The smell of gunpowder was nauseating. As her pace got her closer
to the gates of the ammunition manufacturing unit, the stench seemed to magnify
manifold. Her husband never seemed to have an issue with the smell. The very
thought of her husband caused her already not-so-promising outlook towards the
day meander southward.
Peace and tranquility were two feelings she had given up on the
day they were married. She and her five-year-old son was most often on the
receiving end of his fury on many nights. The problems were so intense that she
used to put her five-year-old to sleep by seven in the evening so that he is
spared from the volcanic fury of his father. He was an alcoholic but he never
came around to admitting that. Her pleas and cries would often be drowned in
his incoherent and outrageous remarks of his alter-ego in his semi-permanent
inebriated state. He used to come home seldom before ten. After his shift at
the company, he and his friends would head to one of their usual joints and
drink themselves to senselessness, following which he’d head home. Logic didn’t
often go well with an intoxicated state of mind and he invariably used to pick
a fight with her for even the most trivial of reasons. And then, he’d fall to
bed, and sleep off immediately. She’d often stay back in the living room for a
while, cursing her bad luck, her husband’s alcohol addiction and contemplating
her and her son’s bleak future. Her tear glands were almost paralyzed, it did
seem she had used up an entire lifetime of tears’ supply in the eight years
after their marriage.
Things would attain a completely different hue in the morning. He
would wake up sober and they would talk sensibly, like a husband and wife are
supposed to. He’d occasionally help her in making breakfast and he’d be all
eager to please her. “Leave the job here. Your job involves gun manufacturing,
it is a sinful task. Let us find a job elsewhere, let us not work at a place
where they profit when men kill each other.” Her suggestion would be brushed
aside, she knew. “Yes yes, it is something we should think of. The company is
doing well now, they will handout our bonuses in the next month. Manager saab was telling that this time they’ve
made record profits and we employees should expect hefty bonuses. I’ll work
till they pay out the bonuses for this quarter and then once that is done, I’ll
start searching for another job,” he’d say, a lot of warmth and affection
exuding from his eyes. And then the conversation would taper off.

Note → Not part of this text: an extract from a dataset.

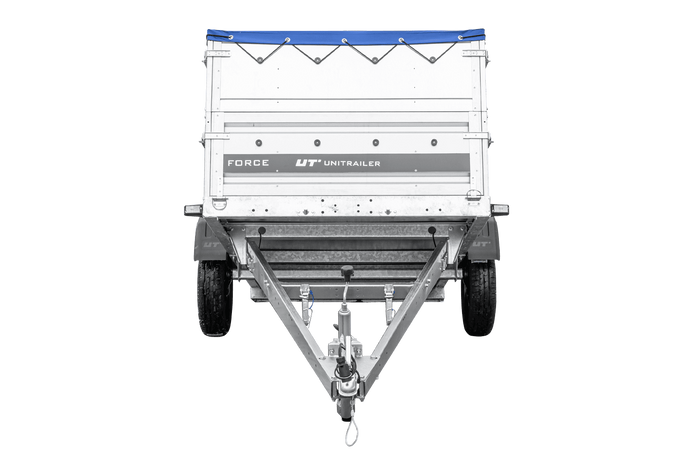 Remorque légère 230x125 UNITRAILER FORCE 230 KIPP avec ridelles BIS, châssis H-0 et bâche bleue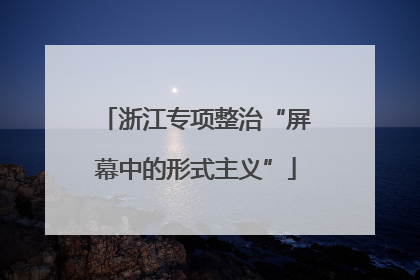浙江专项整治“屏幕中的形式主义”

She sighed. All these conversations, all these seemed to have
happened eons ago. He had died six weeks ago, of lung cancer. By the time he
was diagnosed, the cancer was at an advanced stage. The doctor opined that it
is most likely caused by all the chemicals that were involved in pellet manufacturing
since his job involved continuous and careless contacts with all those
carcinogenic substances. In those few weeks since the tragedy, she had thought
of multiple ways to start earning and knocked on various doors. But none of her
efforts panned out. So here she was, making her way towards the gate of the
factory as his replacement at his job. During the walk, she contemplated the
sins that she was about to heap upon herself. The sons and fathers of men who
would die from a gun that she would help manufacture. The wives and daughters
of men who might stay alive if she were not going to work at this place. True,
all this was real but equally real was her son’s school fees she had to pay.
The grocer and vegetable vendor who had given her provisions for the past month
but would stop free lines of credit sometime soon. She had no other option. A
tear escaped her eyes as she crossed the gate.
“A month or two,” she thought to herself. “I’ll probably work here
enough to pay off existing bills and then I shall look for another job.” She
mentally cleansed her feelings of guilt that were washing ashore in her mind
and made her way to the interiors of the factory complex.